» Records to use
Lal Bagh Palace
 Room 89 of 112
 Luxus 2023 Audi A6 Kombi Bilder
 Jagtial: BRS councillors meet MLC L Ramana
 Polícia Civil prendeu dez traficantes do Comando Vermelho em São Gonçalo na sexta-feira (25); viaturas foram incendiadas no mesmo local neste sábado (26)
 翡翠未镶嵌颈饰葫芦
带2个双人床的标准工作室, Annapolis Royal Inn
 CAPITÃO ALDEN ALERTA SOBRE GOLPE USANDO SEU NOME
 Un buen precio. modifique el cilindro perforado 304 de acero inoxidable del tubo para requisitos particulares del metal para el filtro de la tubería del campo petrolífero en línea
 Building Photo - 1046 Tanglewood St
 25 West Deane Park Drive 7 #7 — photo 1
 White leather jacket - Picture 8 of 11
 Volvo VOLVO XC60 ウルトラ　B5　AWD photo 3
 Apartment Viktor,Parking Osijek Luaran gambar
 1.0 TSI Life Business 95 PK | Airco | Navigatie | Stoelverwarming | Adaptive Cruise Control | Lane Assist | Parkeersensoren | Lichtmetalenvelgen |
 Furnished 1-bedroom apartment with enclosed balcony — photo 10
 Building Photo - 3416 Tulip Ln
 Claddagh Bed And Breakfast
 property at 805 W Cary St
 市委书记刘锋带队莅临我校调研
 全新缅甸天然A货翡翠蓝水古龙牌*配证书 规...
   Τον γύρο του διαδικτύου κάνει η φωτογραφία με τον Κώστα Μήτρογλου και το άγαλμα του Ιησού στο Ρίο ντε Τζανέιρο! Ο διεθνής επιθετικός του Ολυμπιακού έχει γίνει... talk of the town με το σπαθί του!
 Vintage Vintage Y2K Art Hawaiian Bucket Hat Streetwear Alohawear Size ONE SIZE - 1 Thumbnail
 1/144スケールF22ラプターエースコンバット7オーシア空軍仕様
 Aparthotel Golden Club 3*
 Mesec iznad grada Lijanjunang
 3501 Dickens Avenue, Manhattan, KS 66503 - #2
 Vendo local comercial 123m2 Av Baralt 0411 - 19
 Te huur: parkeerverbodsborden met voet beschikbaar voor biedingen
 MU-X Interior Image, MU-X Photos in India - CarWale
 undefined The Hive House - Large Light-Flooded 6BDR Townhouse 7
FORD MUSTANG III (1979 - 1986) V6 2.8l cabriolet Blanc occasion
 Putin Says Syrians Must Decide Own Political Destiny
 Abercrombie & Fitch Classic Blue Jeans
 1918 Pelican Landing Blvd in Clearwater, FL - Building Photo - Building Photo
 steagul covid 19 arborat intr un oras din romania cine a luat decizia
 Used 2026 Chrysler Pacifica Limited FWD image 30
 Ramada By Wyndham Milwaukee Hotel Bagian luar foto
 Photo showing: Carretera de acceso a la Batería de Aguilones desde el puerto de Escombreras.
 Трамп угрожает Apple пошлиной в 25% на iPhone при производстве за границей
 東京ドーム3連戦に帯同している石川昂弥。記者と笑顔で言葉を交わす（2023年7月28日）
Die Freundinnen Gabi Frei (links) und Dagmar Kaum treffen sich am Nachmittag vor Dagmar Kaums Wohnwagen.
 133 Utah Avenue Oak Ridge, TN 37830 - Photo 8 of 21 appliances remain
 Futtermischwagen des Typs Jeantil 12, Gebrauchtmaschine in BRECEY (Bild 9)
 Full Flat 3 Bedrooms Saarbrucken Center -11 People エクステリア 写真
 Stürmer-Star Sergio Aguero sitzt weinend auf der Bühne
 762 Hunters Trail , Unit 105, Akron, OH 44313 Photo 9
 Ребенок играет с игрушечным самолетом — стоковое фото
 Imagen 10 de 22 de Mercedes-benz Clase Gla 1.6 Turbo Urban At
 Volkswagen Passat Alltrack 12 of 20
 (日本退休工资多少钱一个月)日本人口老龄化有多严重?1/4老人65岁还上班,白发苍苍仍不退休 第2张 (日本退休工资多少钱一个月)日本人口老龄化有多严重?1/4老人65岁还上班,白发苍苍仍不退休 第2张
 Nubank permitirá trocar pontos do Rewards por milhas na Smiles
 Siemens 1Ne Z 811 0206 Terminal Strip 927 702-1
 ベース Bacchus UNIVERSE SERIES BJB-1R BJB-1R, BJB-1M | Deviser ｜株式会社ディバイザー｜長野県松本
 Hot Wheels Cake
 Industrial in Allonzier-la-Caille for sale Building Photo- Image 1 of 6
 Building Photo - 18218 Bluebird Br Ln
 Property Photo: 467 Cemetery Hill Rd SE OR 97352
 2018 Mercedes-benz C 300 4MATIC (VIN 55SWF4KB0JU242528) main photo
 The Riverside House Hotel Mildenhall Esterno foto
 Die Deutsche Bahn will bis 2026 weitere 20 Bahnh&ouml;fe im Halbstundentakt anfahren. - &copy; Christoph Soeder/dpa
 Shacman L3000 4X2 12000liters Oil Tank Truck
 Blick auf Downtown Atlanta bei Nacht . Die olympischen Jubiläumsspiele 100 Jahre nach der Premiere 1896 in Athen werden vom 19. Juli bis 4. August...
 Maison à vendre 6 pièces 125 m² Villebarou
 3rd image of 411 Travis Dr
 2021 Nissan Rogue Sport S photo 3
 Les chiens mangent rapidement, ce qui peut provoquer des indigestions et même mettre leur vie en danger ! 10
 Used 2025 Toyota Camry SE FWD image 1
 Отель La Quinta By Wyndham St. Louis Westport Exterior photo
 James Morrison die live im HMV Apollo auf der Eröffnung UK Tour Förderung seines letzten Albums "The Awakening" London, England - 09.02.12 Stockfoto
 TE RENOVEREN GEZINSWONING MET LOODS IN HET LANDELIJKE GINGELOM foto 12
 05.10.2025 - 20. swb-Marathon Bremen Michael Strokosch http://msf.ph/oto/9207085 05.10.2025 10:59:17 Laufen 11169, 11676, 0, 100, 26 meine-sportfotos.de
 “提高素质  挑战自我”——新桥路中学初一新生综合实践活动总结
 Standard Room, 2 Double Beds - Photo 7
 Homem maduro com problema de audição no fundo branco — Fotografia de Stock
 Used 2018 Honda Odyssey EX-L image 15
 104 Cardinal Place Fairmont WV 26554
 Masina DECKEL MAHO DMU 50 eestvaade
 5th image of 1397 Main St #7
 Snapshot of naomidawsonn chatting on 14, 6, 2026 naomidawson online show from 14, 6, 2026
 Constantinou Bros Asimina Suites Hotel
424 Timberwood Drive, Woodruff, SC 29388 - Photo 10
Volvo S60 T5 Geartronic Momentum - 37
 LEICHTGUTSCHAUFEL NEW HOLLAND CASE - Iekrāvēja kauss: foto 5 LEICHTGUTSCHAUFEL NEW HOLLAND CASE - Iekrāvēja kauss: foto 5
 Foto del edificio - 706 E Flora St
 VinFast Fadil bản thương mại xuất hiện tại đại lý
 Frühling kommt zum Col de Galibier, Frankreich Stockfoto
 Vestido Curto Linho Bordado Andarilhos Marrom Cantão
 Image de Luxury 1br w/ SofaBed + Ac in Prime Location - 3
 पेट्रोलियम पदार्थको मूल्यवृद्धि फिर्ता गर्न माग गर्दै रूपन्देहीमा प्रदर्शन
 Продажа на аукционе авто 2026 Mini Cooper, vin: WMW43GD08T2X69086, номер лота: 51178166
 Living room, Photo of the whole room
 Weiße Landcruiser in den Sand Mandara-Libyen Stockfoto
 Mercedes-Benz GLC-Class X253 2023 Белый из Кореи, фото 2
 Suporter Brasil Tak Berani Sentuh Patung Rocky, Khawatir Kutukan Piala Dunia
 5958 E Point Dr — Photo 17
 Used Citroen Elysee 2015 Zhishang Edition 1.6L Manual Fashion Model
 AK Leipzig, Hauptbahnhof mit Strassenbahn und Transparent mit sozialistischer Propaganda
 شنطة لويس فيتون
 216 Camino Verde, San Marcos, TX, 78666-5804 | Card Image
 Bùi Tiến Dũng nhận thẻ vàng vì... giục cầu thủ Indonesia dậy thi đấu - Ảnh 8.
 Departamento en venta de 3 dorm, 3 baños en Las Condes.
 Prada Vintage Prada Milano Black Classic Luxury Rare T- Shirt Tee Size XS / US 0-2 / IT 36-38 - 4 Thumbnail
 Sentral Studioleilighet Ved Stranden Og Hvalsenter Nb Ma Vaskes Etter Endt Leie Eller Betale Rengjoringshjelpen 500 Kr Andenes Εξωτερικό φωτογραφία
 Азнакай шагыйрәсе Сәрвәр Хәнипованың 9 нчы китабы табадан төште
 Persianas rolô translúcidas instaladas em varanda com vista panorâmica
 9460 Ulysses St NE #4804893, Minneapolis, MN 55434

» The task
Give again, word for word, every line of the listing above from the one with "Трамп угрожает Apple" to the one with "762 Hunters Trail", both inclusive, and nothing beyond them.

» Result of the task
 Трамп угрожает Apple пошлиной в 25% на iPhone при производстве за границей
 東京ドーム3連戦に帯同している石川昂弥。記者と笑顔で言葉を交わす（2023年7月28日）
Die Freundinnen Gabi Frei (links) und Dagmar Kaum treffen sich am Nachmittag vor Dagmar Kaums Wohnwagen.
 133 Utah Avenue Oak Ridge, TN 37830 - Photo 8 of 21 appliances remain
 Futtermischwagen des Typs Jeantil 12, Gebrauchtmaschine in BRECEY (Bild 9)
 Full Flat 3 Bedrooms Saarbrucken Center -11 People エクステリア 写真
 Stürmer-Star Sergio Aguero sitzt weinend auf der Bühne
 762 Hunters Trail , Unit 105, Akron, OH 44313 Photo 9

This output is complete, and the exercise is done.